So i just used packer to bake my own images for GCE and ran into the following situation.
Installed CUDA 9.0 and everything worked fine, I could train my models on the GPU.
Afte a while I noticed I forgot to install cuDNN, however it seems that pytorch does not complain about this. On an image with only CUDA installed, if I run
torch.backends.cudnn.version() I get 7102 and
torch.backends.cudnn.enabled == True
When I did install cuDNN from https://developer.nvidia.com/cudnn, everything still worked fine, I still got the same outputs for the two command above, but I didn’t get significant speedups.
Does this mean if one installs only CUDA and PyTorch, cuDNN also gets magically installed? Or is there a way how to check if pytorch is really using the speedups promised from cuDNN?
Any advice? Thanks
How did you install PyTorch?
The binaries are shipped with CUDA and cuDNN already.
I used a script like this, to install CUDA, cuDNN and Python and then used
pipenv install torch to install PyTorch. The image was based on Google Clouds “ubuntu-1604-lts”. But even if I comment out the line that installs cuDNN nothing seems to change for my PyTorch installation?
# install CUDA
echo "Checking for CUDA and installing."
# Check for CUDA and try to install.
if ! dpkg-query -W cuda-9-0; then
# The 16.04 installer works with 16.10.
sudo apt-key adv --fetch-keys http://developer.download.nvidia.com/compute/cuda/repos/ubuntu1604/x86_64/7fa2af80.pub
sudo dpkg -i cuda-repo-ubuntu1604_9.0.176-1_amd64.deb
sudo apt-get update
sudo apt-get install cuda-9-0 -y
# install cuDNN
sudo dpkg -i /tmp/libcudnn7_184.108.40.206-1+cuda9.0_amd64.deb
# install python
sudo add-apt-repository ppa:deadsnakes/ppa
sudo apt-get update
sudo apt-get install -y python3.6
sudo apt-get install -y python3-pip
# install pipenv
sudo pip3 install pipenv
Ok, I just found an answer by soumith on another thread:
“if you want to use pytorch with an NVIDIA GPU, all you need to do is install pytorch binaries and start using it. We ship with everything in-built (pytorch binaries include CUDA, CuDNN, NCCL, MKL, etc.).”
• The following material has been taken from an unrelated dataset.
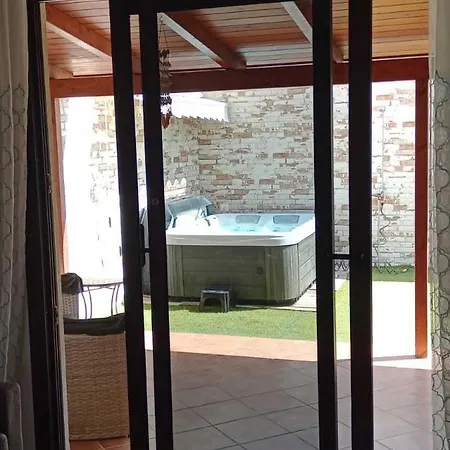 Al Alba Chill House בית נופש קורלחו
so that means the whole installing CUDA and cuDNN on Ubuntu shenanigans are actually not necessary at all?! That would also explain my confusion, why I get the same time to train no matter if I install cudnn or not
sorry for the confusion
Yes, you just need to install the NVIDIA drivers and the binaries will come with the other libs.
If you want to build from source, you would need to install CUDA, cuDNN etc.
If that is the case, why I encountered the the following error when importing torch:
libcudart.so.10.0: cannot open shared object file: No such file or directory
I installed pytorch1.0 binary with cuda10, and I already have cuda9.0 in my system.
if pytorch does ship with everything in built, why it can’t find something that comes with it?
Could you check your
LD_LIBRARY_PATH to see if you have some libs linking against your own
libcudart as described in this issue?